Begin at the line containing "Photo: zoomed in" in the data below and go on through the line containing "Mörkblå dunjacka från Fjällräven - Säljer", repeating each line exactly; include both ends and no other line.

(Caption-style text data):
* * *

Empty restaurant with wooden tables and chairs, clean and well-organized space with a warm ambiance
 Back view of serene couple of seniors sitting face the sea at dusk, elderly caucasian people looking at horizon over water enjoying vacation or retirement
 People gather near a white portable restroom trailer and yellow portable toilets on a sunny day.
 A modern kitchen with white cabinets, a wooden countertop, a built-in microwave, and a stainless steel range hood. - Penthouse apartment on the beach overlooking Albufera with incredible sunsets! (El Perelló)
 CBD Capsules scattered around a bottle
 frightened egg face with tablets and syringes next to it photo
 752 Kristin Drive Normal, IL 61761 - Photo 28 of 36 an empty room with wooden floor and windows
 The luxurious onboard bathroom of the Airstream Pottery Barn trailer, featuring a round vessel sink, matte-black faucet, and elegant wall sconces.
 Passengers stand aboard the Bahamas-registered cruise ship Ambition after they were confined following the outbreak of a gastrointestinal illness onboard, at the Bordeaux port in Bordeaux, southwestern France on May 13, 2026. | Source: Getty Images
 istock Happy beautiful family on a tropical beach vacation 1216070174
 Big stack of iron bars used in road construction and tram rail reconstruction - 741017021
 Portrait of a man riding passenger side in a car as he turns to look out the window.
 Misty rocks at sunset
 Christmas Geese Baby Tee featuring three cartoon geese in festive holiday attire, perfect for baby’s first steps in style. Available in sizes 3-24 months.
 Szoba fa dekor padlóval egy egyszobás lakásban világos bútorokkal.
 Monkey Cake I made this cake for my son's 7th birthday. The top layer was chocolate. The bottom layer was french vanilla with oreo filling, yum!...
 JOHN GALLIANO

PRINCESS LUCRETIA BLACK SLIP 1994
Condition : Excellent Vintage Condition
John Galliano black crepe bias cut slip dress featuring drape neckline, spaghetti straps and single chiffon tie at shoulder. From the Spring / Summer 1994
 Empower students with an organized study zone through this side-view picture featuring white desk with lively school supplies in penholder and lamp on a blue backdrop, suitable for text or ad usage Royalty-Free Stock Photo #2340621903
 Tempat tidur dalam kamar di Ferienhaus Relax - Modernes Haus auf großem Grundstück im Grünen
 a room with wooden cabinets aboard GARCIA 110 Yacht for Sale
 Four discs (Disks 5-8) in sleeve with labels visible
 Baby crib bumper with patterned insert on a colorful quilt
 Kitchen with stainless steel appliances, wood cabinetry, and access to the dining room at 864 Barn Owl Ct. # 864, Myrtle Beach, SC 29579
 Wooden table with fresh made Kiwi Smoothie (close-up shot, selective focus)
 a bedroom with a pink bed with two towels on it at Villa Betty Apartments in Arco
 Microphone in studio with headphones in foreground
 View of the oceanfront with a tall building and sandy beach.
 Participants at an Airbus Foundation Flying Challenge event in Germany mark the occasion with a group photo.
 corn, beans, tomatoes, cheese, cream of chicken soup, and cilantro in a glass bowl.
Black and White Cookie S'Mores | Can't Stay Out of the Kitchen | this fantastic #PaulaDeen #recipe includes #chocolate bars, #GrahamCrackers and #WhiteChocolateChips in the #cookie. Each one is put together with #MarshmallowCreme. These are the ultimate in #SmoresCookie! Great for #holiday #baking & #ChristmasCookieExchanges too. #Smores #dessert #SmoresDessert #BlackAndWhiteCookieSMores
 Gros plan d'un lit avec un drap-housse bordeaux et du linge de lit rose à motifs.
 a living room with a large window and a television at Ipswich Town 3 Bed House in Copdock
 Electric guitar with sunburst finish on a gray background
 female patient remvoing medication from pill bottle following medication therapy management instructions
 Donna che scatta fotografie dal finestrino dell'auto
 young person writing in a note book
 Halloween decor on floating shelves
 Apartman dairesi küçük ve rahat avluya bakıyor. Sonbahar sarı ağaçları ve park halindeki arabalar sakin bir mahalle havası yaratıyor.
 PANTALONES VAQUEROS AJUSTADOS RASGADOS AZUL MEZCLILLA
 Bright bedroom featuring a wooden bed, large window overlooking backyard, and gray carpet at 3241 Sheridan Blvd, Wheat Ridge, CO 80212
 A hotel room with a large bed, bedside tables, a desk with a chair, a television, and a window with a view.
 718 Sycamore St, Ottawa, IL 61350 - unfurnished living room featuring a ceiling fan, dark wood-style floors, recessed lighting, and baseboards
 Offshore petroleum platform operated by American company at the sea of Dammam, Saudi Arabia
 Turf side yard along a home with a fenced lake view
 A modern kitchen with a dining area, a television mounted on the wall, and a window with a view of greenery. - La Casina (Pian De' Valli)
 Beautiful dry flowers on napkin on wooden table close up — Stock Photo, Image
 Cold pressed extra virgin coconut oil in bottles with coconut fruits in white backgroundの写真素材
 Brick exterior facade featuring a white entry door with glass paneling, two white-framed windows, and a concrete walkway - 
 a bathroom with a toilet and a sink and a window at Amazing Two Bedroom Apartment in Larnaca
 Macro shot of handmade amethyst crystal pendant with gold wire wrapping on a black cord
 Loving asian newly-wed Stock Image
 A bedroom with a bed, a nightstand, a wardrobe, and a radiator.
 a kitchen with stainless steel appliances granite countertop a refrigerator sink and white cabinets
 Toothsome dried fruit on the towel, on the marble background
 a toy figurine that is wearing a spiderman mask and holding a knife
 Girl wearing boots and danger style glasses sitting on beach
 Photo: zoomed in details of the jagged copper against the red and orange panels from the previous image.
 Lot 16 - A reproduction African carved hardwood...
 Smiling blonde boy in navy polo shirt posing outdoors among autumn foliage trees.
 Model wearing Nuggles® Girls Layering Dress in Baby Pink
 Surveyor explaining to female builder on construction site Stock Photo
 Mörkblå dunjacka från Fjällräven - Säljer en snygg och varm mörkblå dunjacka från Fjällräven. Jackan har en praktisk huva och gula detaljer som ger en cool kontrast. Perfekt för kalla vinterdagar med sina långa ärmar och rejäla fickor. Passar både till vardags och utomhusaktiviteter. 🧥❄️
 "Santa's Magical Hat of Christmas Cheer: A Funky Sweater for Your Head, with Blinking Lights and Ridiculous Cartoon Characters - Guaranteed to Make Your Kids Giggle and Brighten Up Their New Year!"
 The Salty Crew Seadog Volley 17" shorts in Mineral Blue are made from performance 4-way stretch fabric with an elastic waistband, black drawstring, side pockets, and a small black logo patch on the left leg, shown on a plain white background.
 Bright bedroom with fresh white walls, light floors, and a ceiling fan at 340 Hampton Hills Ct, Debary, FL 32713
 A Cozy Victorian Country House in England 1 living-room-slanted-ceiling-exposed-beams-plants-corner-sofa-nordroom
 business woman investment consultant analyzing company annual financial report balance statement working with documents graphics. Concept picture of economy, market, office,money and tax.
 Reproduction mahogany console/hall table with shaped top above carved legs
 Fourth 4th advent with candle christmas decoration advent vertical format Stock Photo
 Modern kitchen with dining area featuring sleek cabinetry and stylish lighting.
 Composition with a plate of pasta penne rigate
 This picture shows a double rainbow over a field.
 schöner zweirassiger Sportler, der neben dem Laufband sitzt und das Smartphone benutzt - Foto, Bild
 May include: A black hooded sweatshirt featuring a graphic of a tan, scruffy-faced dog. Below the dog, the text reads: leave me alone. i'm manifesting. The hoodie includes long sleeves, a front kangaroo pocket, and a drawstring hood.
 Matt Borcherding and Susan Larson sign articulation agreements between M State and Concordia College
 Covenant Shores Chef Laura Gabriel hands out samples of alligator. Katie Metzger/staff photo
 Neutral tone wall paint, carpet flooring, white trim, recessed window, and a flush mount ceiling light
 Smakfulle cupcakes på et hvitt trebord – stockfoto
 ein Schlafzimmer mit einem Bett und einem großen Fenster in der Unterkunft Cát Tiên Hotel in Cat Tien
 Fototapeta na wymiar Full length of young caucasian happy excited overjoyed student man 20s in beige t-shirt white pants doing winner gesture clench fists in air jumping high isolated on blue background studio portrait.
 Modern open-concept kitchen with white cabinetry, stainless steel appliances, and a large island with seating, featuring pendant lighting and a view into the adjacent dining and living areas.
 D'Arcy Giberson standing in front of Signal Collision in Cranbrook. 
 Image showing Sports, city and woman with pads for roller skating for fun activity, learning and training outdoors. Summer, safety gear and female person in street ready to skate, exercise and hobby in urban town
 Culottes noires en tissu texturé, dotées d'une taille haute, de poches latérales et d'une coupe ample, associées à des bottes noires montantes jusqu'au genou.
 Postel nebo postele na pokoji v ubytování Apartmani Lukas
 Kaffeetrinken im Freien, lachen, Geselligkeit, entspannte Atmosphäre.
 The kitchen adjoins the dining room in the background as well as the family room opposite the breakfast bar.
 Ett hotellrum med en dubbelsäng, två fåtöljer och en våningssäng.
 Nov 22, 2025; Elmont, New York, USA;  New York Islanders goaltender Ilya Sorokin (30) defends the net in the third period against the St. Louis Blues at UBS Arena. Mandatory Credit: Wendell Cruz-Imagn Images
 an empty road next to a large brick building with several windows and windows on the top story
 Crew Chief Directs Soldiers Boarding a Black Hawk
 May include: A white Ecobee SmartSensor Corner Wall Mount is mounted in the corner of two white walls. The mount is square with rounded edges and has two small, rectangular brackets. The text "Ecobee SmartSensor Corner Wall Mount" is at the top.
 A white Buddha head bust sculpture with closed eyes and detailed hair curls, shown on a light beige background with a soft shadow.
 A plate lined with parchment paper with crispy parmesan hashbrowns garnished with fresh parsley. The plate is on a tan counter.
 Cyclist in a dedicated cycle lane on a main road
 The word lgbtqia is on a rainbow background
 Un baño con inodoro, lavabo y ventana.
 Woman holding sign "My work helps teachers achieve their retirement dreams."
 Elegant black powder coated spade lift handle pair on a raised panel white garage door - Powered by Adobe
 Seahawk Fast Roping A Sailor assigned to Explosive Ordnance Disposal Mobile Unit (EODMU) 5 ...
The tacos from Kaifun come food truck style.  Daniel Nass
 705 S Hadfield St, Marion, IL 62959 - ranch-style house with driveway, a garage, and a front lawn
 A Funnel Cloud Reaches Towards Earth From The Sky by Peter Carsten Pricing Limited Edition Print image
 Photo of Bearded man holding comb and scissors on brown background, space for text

* * *

(Solution):
 Photo: zoomed in details of the jagged copper against the red and orange panels from the previous image.
 Lot 16 - A reproduction African carved hardwood...
 Smiling blonde boy in navy polo shirt posing outdoors among autumn foliage trees.
 Model wearing Nuggles® Girls Layering Dress in Baby Pink
 Surveyor explaining to female builder on construction site Stock Photo
 Mörkblå dunjacka från Fjällräven - Säljer en snygg och varm mörkblå dunjacka från Fjällräven. Jackan har en praktisk huva och gula detaljer som ger en cool kontrast. Perfekt för kalla vinterdagar med sina långa ärmar och rejäla fickor. Passar både till vardags och utomhusaktiviteter. 🧥❄️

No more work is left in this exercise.